Sinds 1 juli 2015 heeft een werknemer recht op een transitievergoeding wanneer de werkgever de arbeidsovereenkomst opzegt wegens langdurige arbeidsongeschiktheid. Voor de inwerkingtreding van de Wet Werk en Zekerheid op 1 juli 2015 was dit anders. Werkgevers konden de arbeidsovereenkomst toen na twee jaar ziekte zonder betaling van een vergoeding opzeggen.
Werkgevers zijn in geval van ziekte van een werknemer verplicht het loon gedurende twee jaar door te betalen en daarbij ook kosten te maken voor de eventuele re-integratie van de werknemer. Daar komt sinds 1 juli 2015 bovenop dat de werkgever een transitievergoeding verschuldigd is wanneer de werkgever de arbeidsovereenkomst na twee jaar ziekte opzegt. De werknemer heeft alleen recht op deze transitievergoeding indien er geen sprake is van ernstig verwijtbaar handelen of nalaten door de werknemer of de werknemer de arbeidsovereenkomst niet zelf heeft beëindigd.

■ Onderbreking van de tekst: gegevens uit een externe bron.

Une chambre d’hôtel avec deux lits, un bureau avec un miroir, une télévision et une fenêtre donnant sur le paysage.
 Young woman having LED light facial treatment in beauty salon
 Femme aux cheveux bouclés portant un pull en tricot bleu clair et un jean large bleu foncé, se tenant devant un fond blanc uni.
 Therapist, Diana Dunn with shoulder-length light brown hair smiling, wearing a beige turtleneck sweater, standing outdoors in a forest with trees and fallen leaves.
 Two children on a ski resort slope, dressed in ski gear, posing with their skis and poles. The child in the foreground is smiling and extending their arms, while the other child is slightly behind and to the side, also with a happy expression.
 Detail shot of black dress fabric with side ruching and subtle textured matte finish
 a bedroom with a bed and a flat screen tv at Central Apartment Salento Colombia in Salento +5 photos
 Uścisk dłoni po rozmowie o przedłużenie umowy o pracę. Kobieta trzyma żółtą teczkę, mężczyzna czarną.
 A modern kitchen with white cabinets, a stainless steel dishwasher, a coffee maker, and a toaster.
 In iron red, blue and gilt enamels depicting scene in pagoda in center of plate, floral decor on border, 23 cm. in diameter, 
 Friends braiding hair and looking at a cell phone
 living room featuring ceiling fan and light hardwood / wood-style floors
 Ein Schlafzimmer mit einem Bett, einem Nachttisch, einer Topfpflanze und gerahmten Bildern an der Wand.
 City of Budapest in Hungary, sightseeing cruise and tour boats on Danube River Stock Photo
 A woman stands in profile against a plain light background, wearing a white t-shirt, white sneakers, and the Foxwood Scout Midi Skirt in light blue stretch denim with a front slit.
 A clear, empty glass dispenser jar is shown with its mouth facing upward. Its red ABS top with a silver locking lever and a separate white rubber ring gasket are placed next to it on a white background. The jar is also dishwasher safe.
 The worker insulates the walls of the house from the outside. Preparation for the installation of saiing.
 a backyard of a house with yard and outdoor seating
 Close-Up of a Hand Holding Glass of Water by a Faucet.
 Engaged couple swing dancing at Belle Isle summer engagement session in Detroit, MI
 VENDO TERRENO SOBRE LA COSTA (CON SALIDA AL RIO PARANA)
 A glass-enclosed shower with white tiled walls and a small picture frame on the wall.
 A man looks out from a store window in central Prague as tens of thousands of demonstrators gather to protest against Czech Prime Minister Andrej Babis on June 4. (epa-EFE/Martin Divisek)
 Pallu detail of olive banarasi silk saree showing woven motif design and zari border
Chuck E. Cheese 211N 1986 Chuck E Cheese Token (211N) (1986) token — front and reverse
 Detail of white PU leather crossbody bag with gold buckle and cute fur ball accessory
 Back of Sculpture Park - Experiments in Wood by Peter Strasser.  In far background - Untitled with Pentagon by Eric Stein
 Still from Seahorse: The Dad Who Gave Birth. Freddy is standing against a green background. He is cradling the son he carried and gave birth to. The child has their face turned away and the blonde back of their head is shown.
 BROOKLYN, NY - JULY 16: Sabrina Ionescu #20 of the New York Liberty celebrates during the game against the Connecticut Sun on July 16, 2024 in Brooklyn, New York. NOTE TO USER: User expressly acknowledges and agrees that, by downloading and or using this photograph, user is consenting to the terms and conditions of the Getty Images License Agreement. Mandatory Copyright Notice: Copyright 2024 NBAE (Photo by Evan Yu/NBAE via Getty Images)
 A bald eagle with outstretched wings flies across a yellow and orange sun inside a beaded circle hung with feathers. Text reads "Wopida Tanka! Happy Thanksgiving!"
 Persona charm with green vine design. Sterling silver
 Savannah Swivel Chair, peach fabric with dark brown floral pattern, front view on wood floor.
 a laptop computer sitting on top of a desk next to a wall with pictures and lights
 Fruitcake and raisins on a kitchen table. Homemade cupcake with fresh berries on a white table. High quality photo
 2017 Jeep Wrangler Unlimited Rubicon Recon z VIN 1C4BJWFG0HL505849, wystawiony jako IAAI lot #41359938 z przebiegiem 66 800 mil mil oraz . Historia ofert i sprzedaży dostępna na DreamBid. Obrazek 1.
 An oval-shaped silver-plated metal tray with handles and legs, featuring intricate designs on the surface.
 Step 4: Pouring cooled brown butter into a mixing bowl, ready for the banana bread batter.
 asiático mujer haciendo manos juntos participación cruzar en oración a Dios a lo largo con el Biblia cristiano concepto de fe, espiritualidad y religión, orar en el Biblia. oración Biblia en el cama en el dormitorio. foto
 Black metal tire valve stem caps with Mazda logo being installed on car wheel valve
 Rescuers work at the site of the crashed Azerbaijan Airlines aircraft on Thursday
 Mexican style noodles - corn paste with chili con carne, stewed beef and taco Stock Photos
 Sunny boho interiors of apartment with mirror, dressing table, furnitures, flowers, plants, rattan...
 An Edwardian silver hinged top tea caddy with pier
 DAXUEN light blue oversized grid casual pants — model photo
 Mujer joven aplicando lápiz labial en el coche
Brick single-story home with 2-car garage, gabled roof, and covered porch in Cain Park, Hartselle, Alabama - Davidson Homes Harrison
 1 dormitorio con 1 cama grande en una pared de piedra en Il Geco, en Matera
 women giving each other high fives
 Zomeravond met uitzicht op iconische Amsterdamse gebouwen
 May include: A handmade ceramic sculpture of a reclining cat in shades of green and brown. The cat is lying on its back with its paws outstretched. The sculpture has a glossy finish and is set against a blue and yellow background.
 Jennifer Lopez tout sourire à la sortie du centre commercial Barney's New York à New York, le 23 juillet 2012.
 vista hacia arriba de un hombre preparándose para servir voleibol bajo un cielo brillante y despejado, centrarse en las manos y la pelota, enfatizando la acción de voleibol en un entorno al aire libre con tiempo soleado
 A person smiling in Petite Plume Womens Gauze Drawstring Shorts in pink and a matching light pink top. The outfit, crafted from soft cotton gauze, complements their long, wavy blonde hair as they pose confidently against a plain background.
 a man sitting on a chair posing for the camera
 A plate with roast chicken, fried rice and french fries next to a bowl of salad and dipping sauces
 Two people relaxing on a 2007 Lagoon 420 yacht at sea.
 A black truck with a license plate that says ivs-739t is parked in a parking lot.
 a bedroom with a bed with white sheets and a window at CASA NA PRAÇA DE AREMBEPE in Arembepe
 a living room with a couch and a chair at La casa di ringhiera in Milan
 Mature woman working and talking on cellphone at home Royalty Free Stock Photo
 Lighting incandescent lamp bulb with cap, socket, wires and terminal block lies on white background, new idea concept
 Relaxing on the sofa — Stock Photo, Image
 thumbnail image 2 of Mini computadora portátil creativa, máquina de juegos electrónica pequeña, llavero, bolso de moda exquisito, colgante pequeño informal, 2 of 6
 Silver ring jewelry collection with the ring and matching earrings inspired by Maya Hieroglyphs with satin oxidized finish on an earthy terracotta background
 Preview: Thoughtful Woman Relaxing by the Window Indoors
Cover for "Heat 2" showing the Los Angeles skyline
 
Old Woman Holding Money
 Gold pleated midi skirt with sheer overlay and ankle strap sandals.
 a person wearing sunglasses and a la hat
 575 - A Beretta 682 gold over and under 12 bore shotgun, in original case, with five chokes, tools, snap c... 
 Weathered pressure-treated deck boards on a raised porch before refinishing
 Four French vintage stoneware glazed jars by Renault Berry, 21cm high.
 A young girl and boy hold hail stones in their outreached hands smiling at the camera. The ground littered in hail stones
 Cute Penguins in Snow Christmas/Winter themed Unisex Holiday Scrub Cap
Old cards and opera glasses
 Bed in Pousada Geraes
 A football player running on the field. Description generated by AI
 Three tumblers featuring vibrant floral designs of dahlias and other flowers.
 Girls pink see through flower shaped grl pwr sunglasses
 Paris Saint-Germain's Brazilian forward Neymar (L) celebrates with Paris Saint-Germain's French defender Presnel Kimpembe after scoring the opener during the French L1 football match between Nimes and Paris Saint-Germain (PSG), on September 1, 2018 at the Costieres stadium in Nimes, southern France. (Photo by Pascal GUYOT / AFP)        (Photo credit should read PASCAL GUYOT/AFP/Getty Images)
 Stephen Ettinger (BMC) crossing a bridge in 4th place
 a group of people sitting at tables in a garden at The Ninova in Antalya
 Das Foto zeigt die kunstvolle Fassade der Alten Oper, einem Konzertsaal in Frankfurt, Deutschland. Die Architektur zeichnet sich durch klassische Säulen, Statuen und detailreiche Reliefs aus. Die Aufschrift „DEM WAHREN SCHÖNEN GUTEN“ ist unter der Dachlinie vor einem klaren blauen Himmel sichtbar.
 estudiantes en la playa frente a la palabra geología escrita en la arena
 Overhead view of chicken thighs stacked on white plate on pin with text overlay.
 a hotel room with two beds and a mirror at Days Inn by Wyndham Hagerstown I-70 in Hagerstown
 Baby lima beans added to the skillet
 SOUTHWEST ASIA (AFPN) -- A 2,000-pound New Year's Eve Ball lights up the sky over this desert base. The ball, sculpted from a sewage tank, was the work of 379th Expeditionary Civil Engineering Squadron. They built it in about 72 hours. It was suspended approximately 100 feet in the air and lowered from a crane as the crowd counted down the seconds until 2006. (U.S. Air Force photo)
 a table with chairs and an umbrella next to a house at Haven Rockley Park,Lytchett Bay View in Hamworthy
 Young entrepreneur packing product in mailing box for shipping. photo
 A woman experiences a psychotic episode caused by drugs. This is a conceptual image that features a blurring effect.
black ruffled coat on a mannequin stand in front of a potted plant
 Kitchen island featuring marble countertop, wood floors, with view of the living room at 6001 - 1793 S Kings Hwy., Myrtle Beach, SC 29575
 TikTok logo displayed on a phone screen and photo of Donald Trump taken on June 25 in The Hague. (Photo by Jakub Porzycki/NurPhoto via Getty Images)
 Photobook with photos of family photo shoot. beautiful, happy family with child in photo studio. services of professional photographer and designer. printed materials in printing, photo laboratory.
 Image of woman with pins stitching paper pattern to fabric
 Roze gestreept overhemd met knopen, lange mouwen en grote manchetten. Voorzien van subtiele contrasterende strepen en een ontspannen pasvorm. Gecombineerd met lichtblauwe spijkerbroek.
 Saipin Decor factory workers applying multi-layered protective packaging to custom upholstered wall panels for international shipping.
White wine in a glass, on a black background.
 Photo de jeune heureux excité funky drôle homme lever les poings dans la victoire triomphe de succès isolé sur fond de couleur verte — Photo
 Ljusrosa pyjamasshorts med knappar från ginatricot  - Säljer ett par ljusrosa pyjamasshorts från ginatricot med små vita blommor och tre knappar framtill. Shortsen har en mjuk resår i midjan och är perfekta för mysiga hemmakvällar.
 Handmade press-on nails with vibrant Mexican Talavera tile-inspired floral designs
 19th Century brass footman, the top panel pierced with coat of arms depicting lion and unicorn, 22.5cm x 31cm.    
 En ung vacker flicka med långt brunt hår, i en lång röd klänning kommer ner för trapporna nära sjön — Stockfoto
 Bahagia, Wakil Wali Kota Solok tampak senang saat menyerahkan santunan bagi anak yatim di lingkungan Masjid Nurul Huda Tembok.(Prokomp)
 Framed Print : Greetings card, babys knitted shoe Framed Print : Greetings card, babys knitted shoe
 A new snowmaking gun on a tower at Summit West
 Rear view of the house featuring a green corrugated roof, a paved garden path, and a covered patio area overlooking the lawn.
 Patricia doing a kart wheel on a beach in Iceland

Vergoeding wordt vaak omzeild
Door de hoge kosten proberen werkgevers de transitievergoeding te omzeilen. Zij doen dit door het dienstverband slapend te houden. In deze situatie blijft de werknemer, die langer dan twee jaar ziek is, in dienst van de werkgever en lopen de re-integratieverplichtingen door. Echter hoeft de werkgever geen loon en transitievergoeding te betalen en verricht de werknemer geen werk. Voor de werknemer is dit een onwenselijke situatie, omdat hij met lege handen blijft staan. Een voordeel voor de werknemer is dat de transitievergoeding tijdens het slapende dienstverband wel blijft oplopen.
Ontslag is geen verplichting
Het Gerechtshof Den Haag heeft in haar uitspraak van 14 oktober 2016 geoordeeld dat er geen wettelijke verplichting is voor een werkgever om een slapende arbeidsovereenkomst te doen eindigen en het dus volgens de wet niet ongeoorloofd is om op die manier te ontkomen aan het betalen van de transitievergoeding.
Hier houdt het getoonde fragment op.